ASSIGNMENT — Give the data below again exactly as written, but without the pictures.
[TASK DATA Boundary: Start]
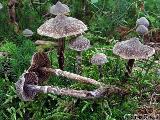 Cortinarius flexipes 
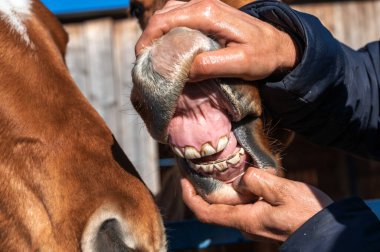 Bir at dişçisi bir Donchak (Rus Don) aygırının dişlerine bakar.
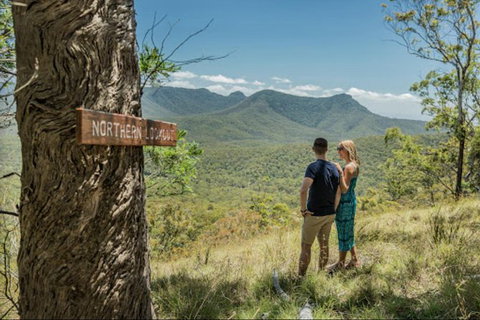 Queensland Food Tour: The Ultimate Delectable Full Day Experience - Australia Accommodation 1
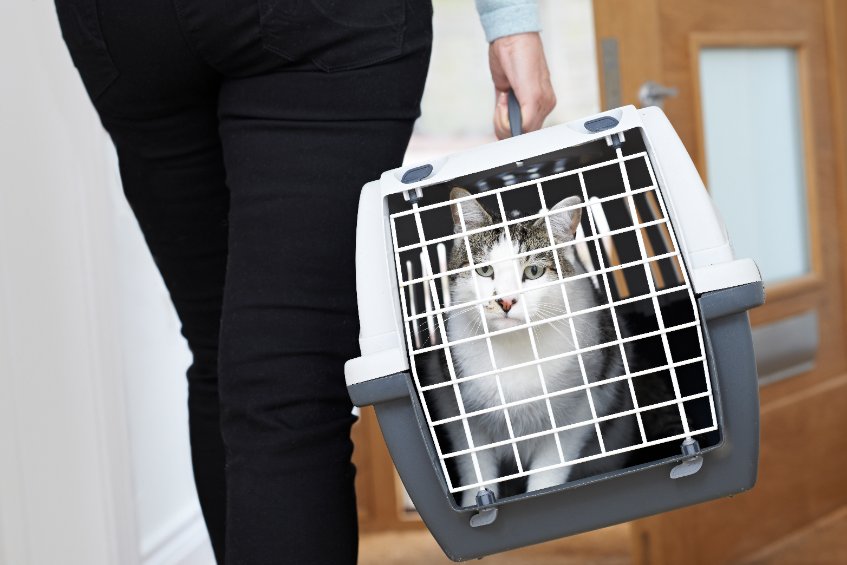 How To Make Vet Visits Easier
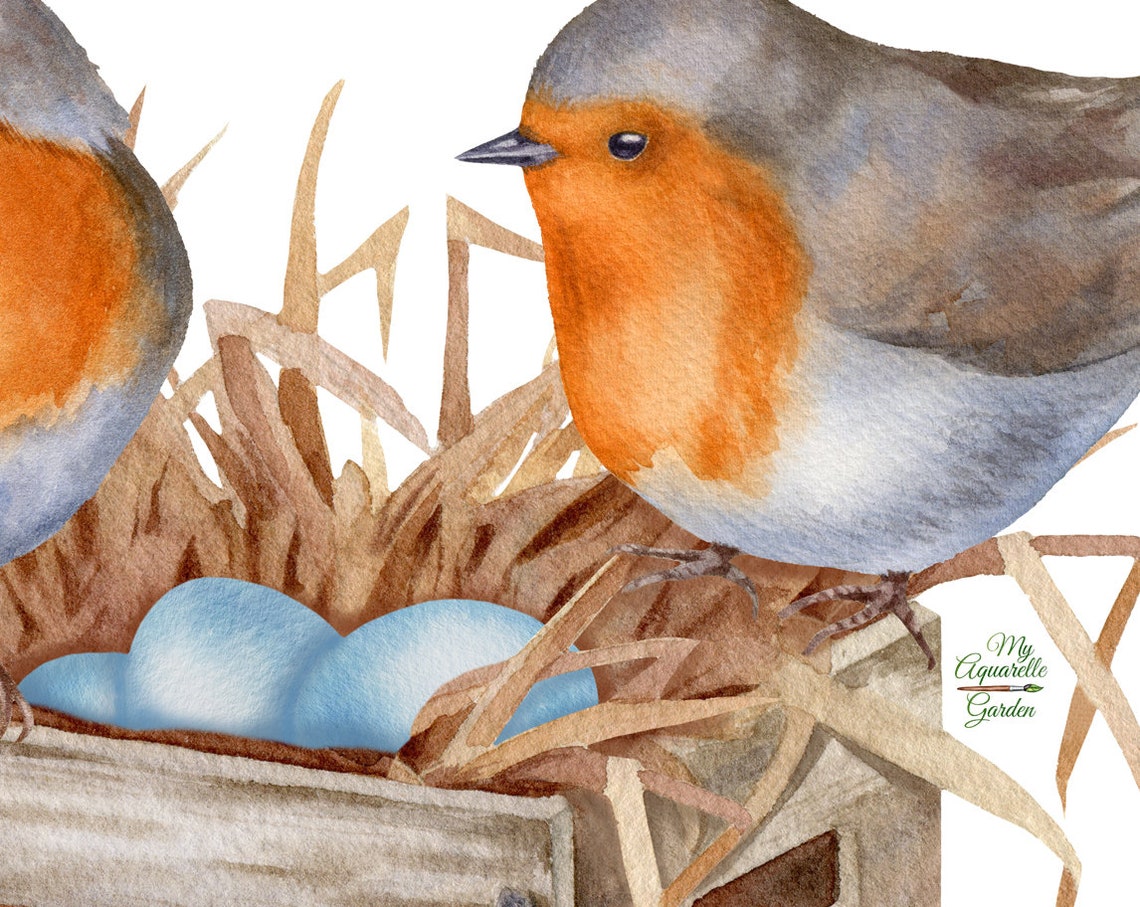 Birds Nests Clipart Bluebird Titbird Robbin Bird Wren Apple Etsy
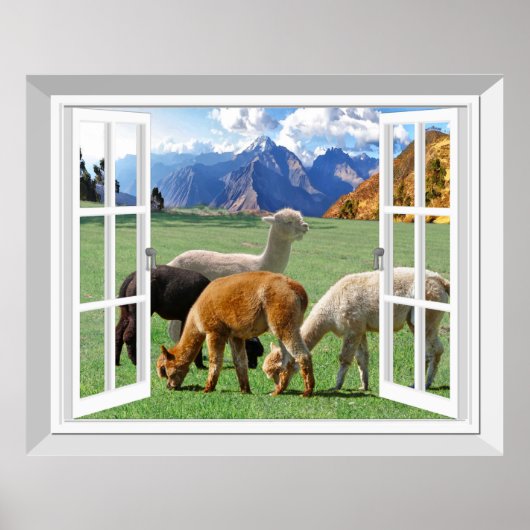 3D Fake Window View Alpaca Llama Wall Art ポスター (正面)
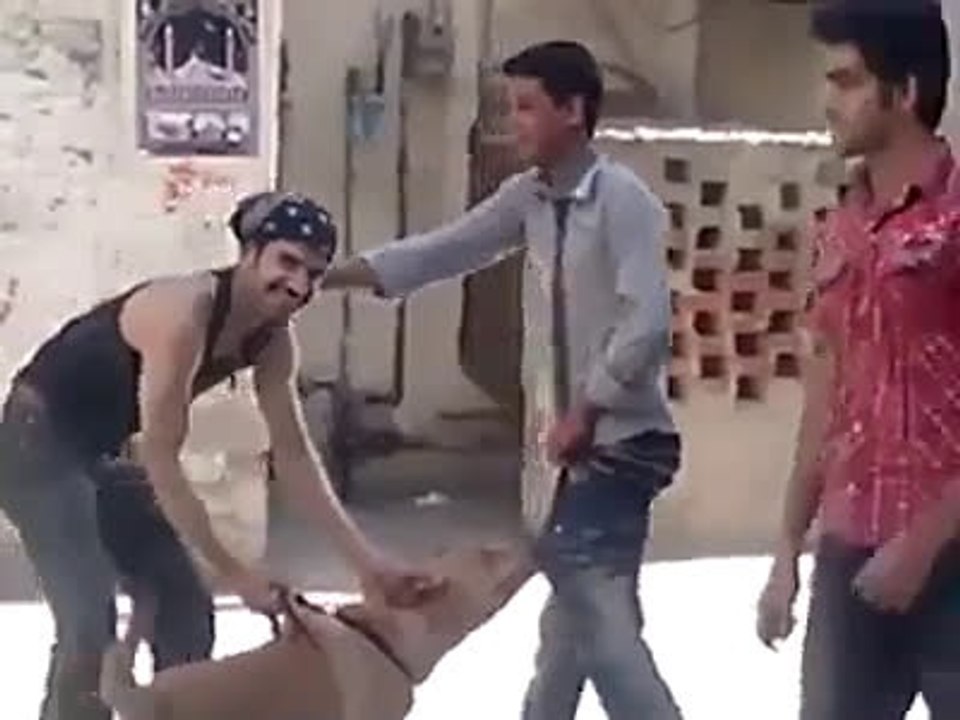 Mad Dog grab a boy's pent...lolx
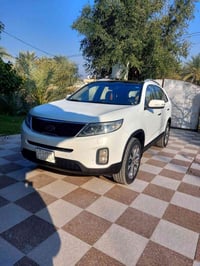 ٢٠١٣ • ٦ سلندر • ٧ راكب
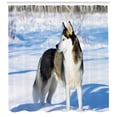 thumbnail image 3 of Ambesonne Alaskan Malamute Shower Curtain, Husky on Snow, 69"Wx84"L, Black White Pale Blue, 3 of 3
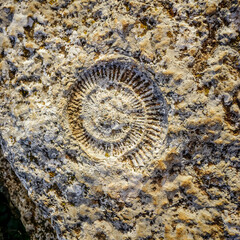 Fossilized ammonite on a rock in Torcal de Antequera © cribea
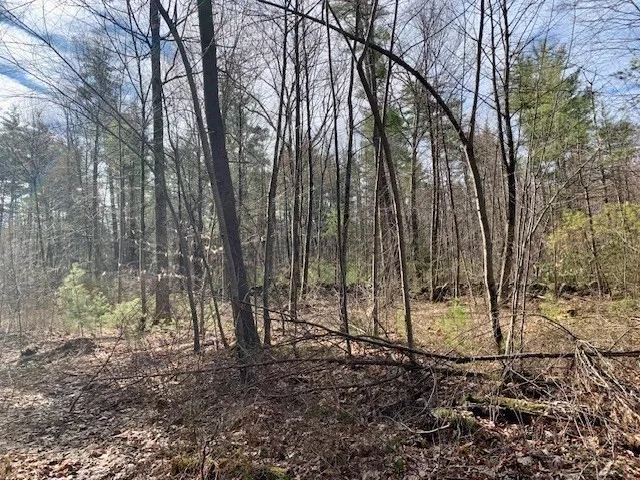 a view of outdoor space and a yard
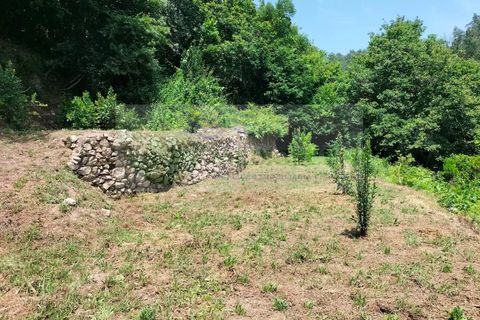 Helårsgrund i Sever do Vouga, Aveiro, Sever do Vouga - € 42.500 | Ref: TER_1822 - foto 14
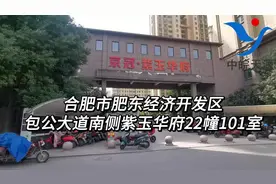 合肥市肥东经济开发区包公大道南侧紫玉华府22幢101室视频封面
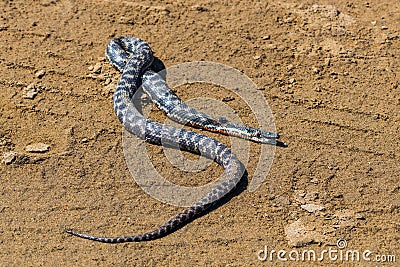 Dead snake on the sand, environmental crime Stock Photo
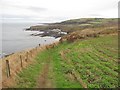 NT9561 : Berwickshire Coast Path by Richard Webb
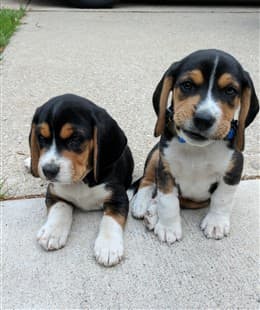 Months Beagle Size 3+ Thousand Beagle Side Royalty-Free Images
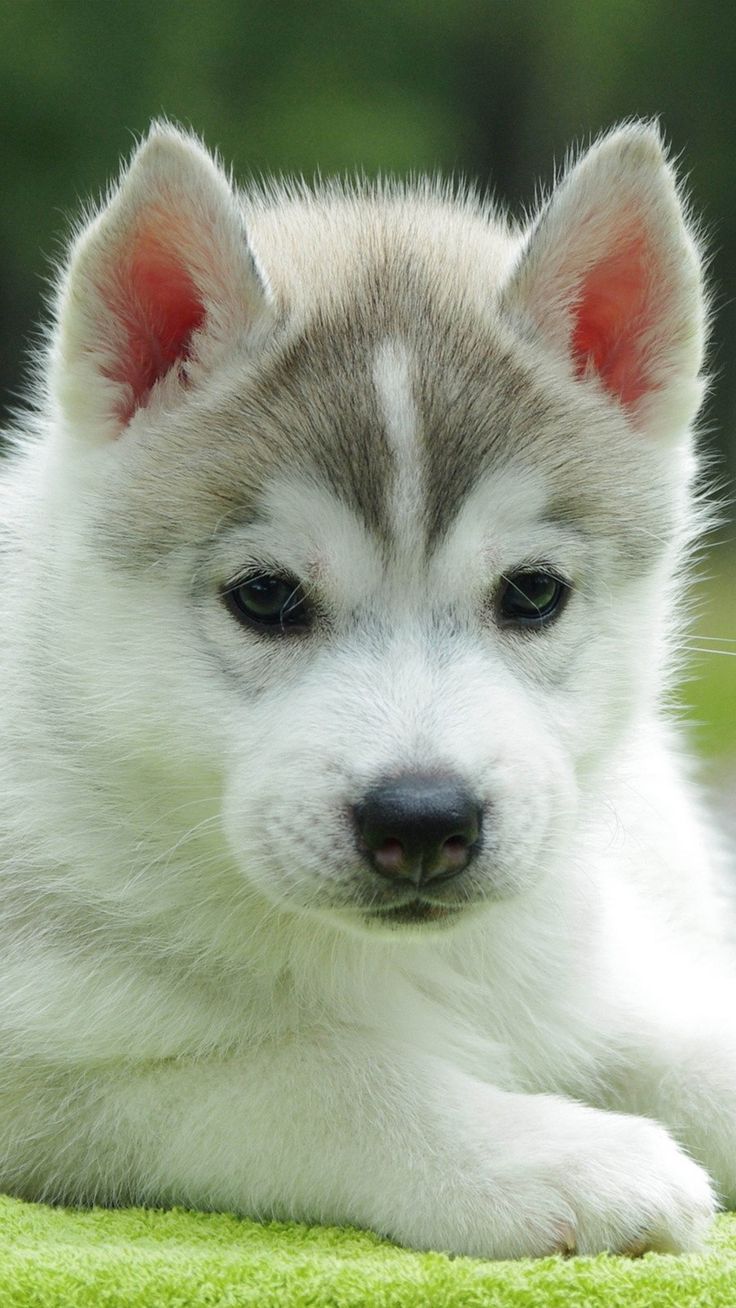 Cute Husky Puppies Wallpapers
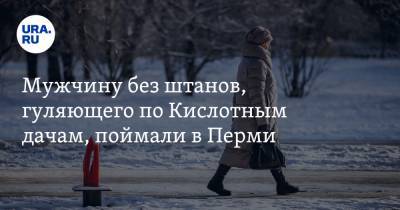 Мужчину без штанов, гуляющего по Кислотным дачам, поймали в Перми - ura.news - Пермь - Пермский край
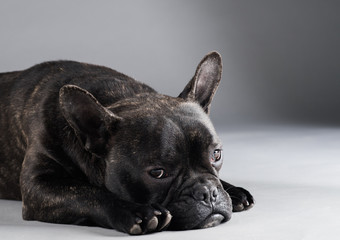  Portrait of French Bulldog Dog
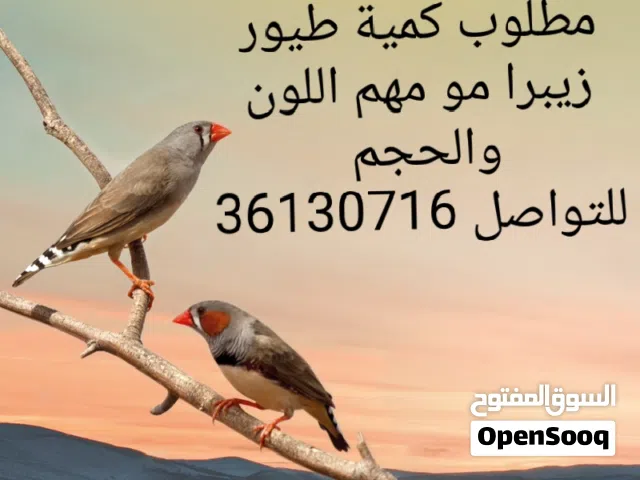 نشتري جميع انواع طيور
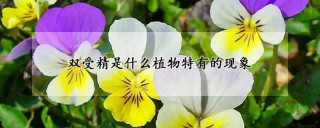 双受精是什么植物特有的现象,第1图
[TASK DATA Boundary: End]
EXERCISE RESPONSE —
 Cortinarius flexipes 
 Bir at dişçisi bir Donchak (Rus Don) aygırının dişlerine bakar.
 Queensland Food Tour: The Ultimate Delectable Full Day Experience - Australia Accommodation 1
 How To Make Vet Visits Easier
 Birds Nests Clipart Bluebird Titbird Robbin Bird Wren Apple Etsy
 3D Fake Window View Alpaca Llama Wall Art ポスター (正面)
 Mad Dog grab a boy's pent...lolx
 ٢٠١٣ • ٦ سلندر • ٧ راكب
 thumbnail image 3 of Ambesonne Alaskan Malamute Shower Curtain, Husky on Snow, 69"Wx84"L, Black White Pale Blue, 3 of 3
 Fossilized ammonite on a rock in Torcal de Antequera © cribea
 a view of outdoor space and a yard
 Helårsgrund i Sever do Vouga, Aveiro, Sever do Vouga - € 42.500 | Ref: TER_1822 - foto 14
 合肥市肥东经济开发区包公大道南侧紫玉华府22幢101室视频封面
 Dead snake on the sand, environmental crime Stock Photo
 NT9561 : Berwickshire Coast Path by Richard Webb
 Months Beagle Size 3+ Thousand Beagle Side Royalty-Free Images
 Cute Husky Puppies Wallpapers
 Мужчину без штанов, гуляющего по Кислотным дачам, поймали в Перми - ura.news - Пермь - Пермский край
  Portrait of French Bulldog Dog
 نشتري جميع انواع طيور
 双受精是什么植物特有的现象,第1图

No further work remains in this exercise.